— EXERCISE GOAL —
For the records below, please print exactly and only the lines from the one with "IR letter logo" down to the one with "lot 18 image: Vintage", both ends included, omitting the pictures.

— SUPPLIED RECORDS —
☆ ☆ ☆

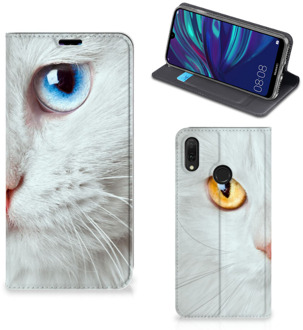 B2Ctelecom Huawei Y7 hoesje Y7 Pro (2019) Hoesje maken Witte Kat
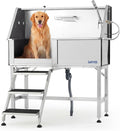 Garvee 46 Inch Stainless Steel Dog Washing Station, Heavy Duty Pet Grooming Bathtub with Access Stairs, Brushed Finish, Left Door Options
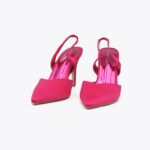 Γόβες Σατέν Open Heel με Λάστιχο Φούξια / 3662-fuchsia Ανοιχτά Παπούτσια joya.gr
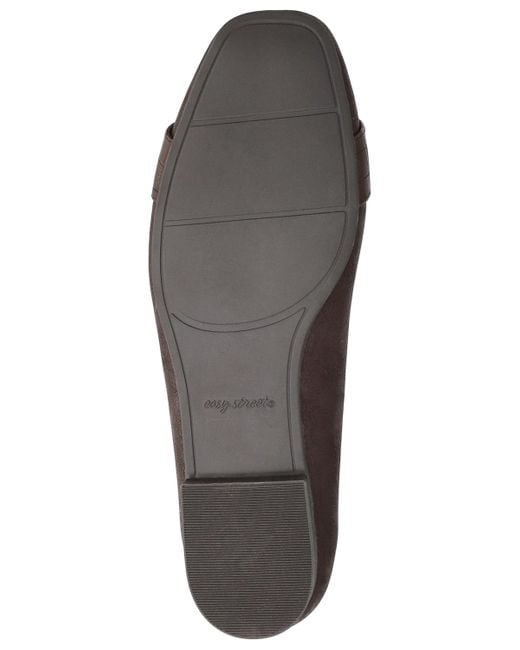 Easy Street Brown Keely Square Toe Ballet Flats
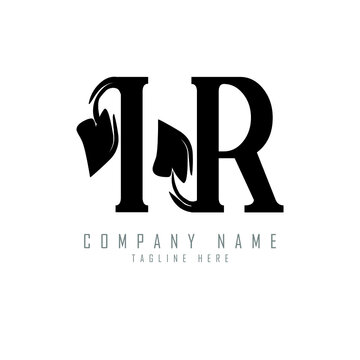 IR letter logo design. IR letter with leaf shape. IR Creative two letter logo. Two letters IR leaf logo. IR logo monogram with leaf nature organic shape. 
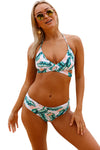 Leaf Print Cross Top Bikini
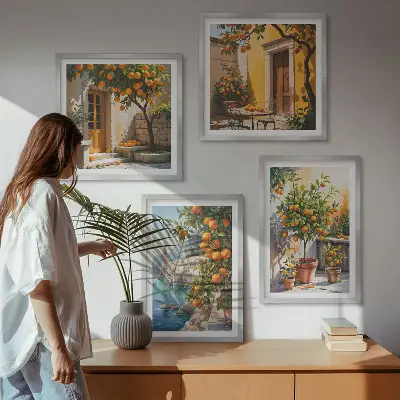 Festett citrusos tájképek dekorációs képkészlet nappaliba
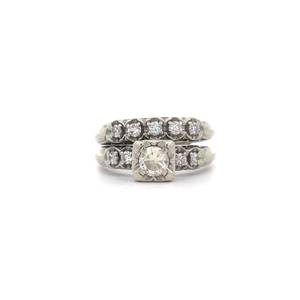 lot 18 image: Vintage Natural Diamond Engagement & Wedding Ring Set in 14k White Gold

☆ ☆ ☆

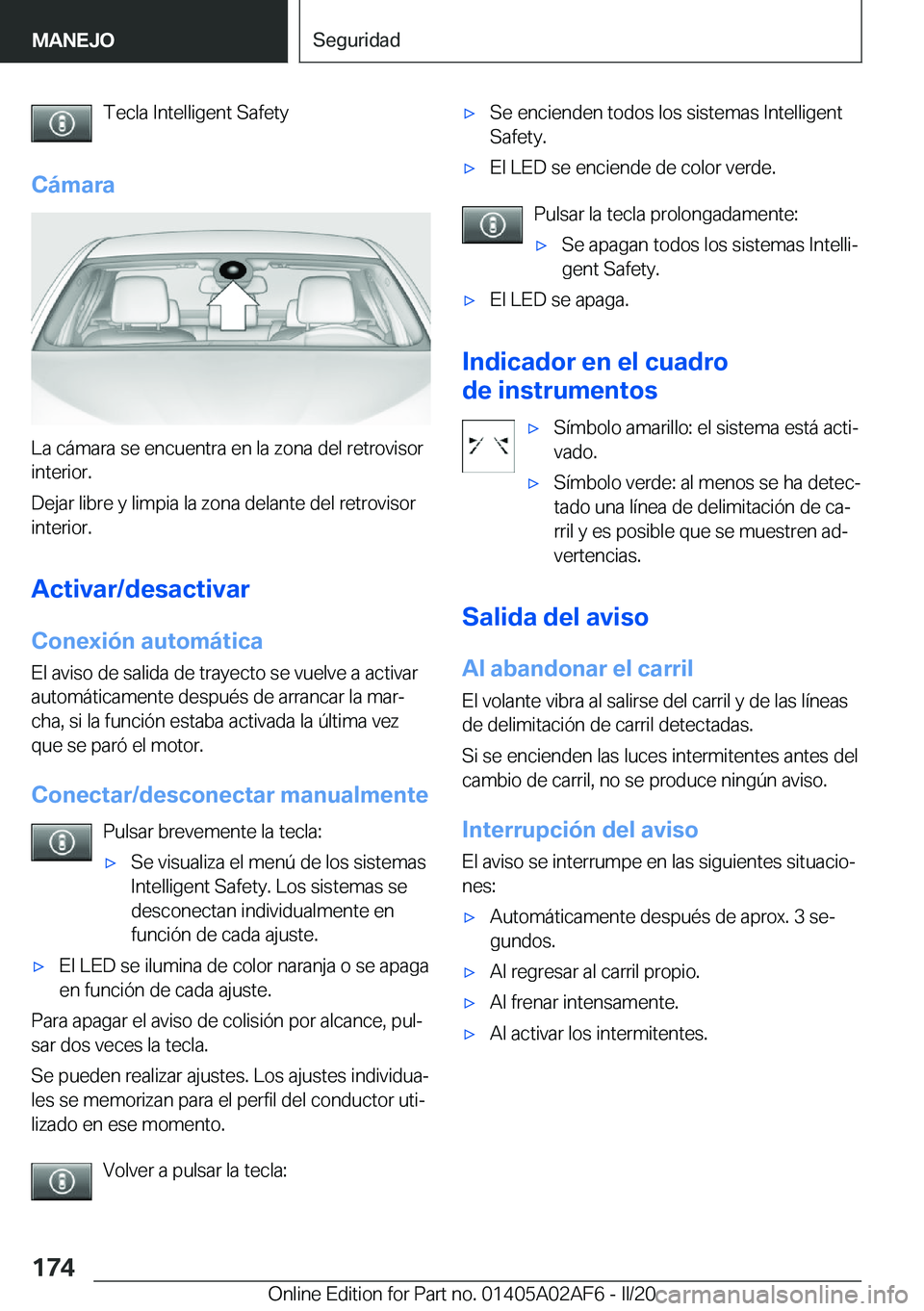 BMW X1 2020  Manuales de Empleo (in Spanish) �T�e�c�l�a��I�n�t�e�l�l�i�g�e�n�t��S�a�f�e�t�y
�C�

☆ ☆ ☆

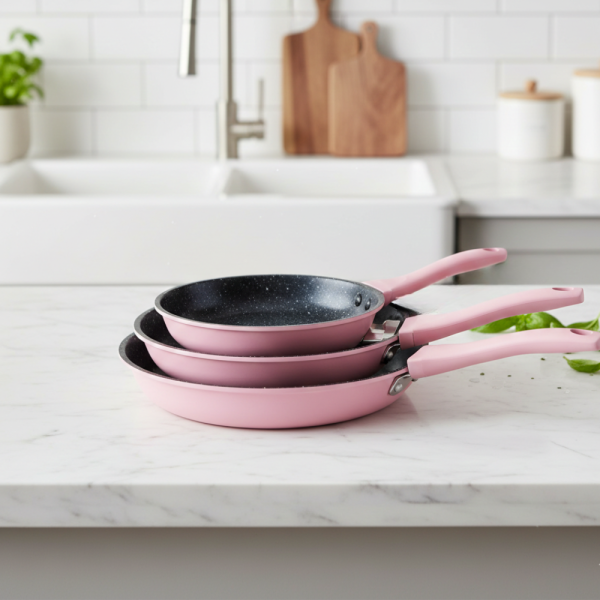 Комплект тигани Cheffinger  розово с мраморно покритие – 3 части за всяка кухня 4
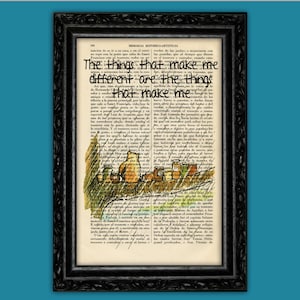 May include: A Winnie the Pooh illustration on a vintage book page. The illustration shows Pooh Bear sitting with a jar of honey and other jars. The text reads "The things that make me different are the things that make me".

☆ ☆ ☆

— WRITTEN RESPONSE —
 IR letter logo design. IR letter with leaf shape. IR Creative two letter logo. Two letters IR leaf logo. IR logo monogram with leaf nature organic shape. 
 Leaf Print Cross Top Bikini
 Festett citrusos tájképek dekorációs képkészlet nappaliba
 lot 18 image: Vintage Natural Diamond Engagement & Wedding Ring Set in 14k White Gold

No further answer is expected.